滅菌には高温によるもの、薬剤によるもの、プラズマやガスによるものなどがあります。

 滅菌できないものは、「消毒」という扱いになります。例えば高温や高圧などかけられない人体や、そういった温度変化や特定の薬剤に弱い器材、患者さんが触る部分や空間などです。

【消毒の定義】

 病原微生物を死滅または除去させ、害のない程度まで減らしたり、

 あるいは感染力を失わせるなどして、毒性を無力化させること(薬機法)

 似た言葉に「殺菌」「除菌」「抗菌」などがありますが、それぞれに定義があり、滅菌とはレベルが違います。

  • 殺菌 細菌を死滅させる、という意味ですが、殺す対象や程度を含んではいません(薬機法)
  • 除菌 対象物や、限られた空間に含まれる微生物の数を減らし、清浄度を高めることです
  • 抗菌 菌を殺したり減少させるのではなく、繁殖を阻止するのですが、対象やその程度を含まない概念です。JIS(日本工業規格)では、抗菌加工されていない製品の表面と比較し、細菌の数が100分の1以下である場合、その製品に抗菌効果があると規定しています

 テレビドラマで、手術のシーンなどが出てきますが、あの場で患者さんに使う器具はすべて滅菌、オペ着も滅菌、先生の眼鏡は消毒、手は消毒、グローブは滅菌、麻酔科医が使うモニターは消毒・・・といった具合に可能な限り菌を排除します。

 ここで知ってほしいのが歯科医院の滅菌・消毒の程度です。歯科医院は患者さんの口の中で歯を削ったり抜いたり、歯茎を縫ったりとお口の外科医と思っていただきたいのですが、そういった理由から歯を削る機械も小さなドリルも、口の中に入るものはすべて滅菌されています。消毒では足りないため、高圧、高温で滅菌できる特殊な機械が必ず歯科医院に1台以上あります。滅菌の手順も煩雑で、かなり徹底して菌をなくします。

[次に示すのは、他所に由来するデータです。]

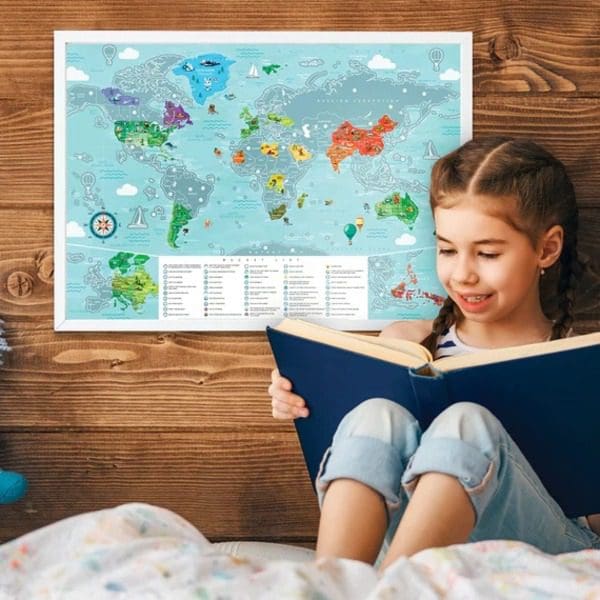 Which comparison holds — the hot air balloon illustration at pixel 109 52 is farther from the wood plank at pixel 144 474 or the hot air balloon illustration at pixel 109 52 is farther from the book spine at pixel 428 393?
the book spine at pixel 428 393

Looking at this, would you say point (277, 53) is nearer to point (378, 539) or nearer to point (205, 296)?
point (205, 296)

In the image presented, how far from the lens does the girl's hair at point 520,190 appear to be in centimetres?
120

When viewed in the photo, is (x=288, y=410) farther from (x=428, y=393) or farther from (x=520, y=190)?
(x=520, y=190)

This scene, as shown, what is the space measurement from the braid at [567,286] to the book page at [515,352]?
0.30 metres

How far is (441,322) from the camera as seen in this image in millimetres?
1293

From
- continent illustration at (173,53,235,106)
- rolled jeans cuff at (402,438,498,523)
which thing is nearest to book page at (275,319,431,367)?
rolled jeans cuff at (402,438,498,523)

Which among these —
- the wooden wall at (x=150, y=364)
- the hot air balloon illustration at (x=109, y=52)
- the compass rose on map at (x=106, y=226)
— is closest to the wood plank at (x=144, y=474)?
the wooden wall at (x=150, y=364)

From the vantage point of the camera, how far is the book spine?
952 millimetres

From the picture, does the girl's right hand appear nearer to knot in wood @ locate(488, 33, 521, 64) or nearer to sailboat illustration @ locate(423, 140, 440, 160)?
sailboat illustration @ locate(423, 140, 440, 160)

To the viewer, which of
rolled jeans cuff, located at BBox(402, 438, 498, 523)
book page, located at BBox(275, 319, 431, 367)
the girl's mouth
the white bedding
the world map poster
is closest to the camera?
the white bedding

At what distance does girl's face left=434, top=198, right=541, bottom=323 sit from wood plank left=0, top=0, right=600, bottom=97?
23 centimetres

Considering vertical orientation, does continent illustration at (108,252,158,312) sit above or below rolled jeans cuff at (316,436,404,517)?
above

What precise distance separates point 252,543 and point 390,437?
1.21ft

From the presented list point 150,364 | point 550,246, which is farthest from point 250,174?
point 550,246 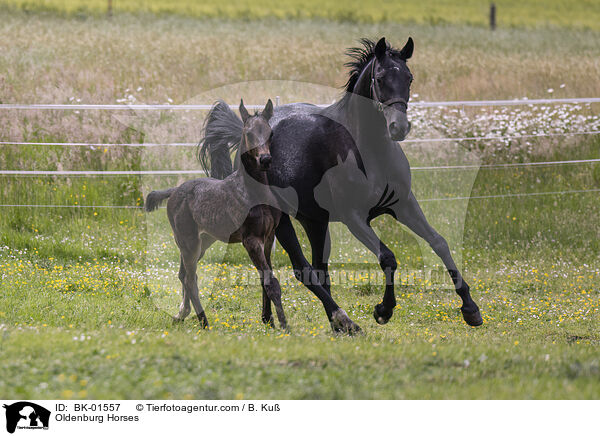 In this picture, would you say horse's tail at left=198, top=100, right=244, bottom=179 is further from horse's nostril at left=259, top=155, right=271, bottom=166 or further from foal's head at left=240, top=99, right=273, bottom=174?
horse's nostril at left=259, top=155, right=271, bottom=166

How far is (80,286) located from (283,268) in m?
3.03

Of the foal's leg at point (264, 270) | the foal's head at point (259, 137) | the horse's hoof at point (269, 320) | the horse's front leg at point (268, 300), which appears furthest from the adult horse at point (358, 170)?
the foal's head at point (259, 137)

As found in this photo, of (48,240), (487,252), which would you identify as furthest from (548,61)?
(48,240)

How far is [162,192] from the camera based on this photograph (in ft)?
28.1

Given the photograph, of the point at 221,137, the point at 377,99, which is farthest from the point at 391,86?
the point at 221,137

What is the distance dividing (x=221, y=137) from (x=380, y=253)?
244 centimetres

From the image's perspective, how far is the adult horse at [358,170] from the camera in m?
7.21

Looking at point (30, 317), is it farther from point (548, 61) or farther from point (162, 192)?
point (548, 61)

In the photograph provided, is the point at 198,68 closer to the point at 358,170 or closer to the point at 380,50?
the point at 358,170

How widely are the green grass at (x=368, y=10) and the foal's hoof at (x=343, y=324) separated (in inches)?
974

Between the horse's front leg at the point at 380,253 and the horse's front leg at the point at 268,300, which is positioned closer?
the horse's front leg at the point at 380,253

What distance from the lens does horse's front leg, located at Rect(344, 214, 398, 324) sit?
7.23 meters

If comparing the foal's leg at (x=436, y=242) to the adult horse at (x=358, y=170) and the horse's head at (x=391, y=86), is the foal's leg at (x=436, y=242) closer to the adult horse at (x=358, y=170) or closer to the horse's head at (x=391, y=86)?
the adult horse at (x=358, y=170)

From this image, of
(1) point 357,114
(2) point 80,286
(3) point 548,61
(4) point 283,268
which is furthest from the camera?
(3) point 548,61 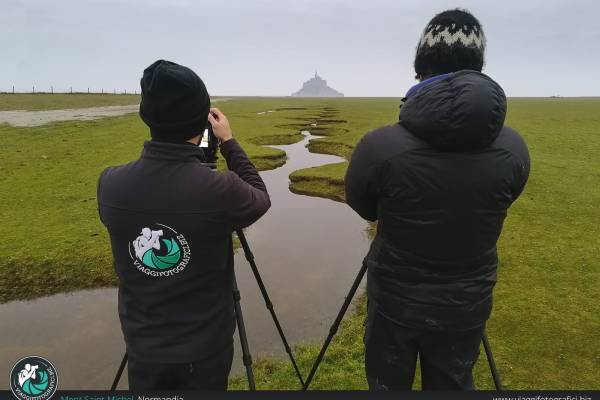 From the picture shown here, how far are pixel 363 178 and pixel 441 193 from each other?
553 mm

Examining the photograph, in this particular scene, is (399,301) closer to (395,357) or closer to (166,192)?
(395,357)

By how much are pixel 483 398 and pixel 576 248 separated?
31.6 feet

 例)洗浄⇒薬液浸漬⇒本洗浄⇒オートクレーブ⇒個包装

このような感じで、汚れだけでなく目に見えない汚染を取り除きます。

 コロナの感染が怖い・・・と受診を控えられる時期がありましたが、大きな病院と比べても、小さな診療所としてはかなりのハイスペックな感染防止対策が取られているんです。不安なく診療を受けられるように、毎日何度も器具の滅菌をおこなっているので、ご安心くださいね!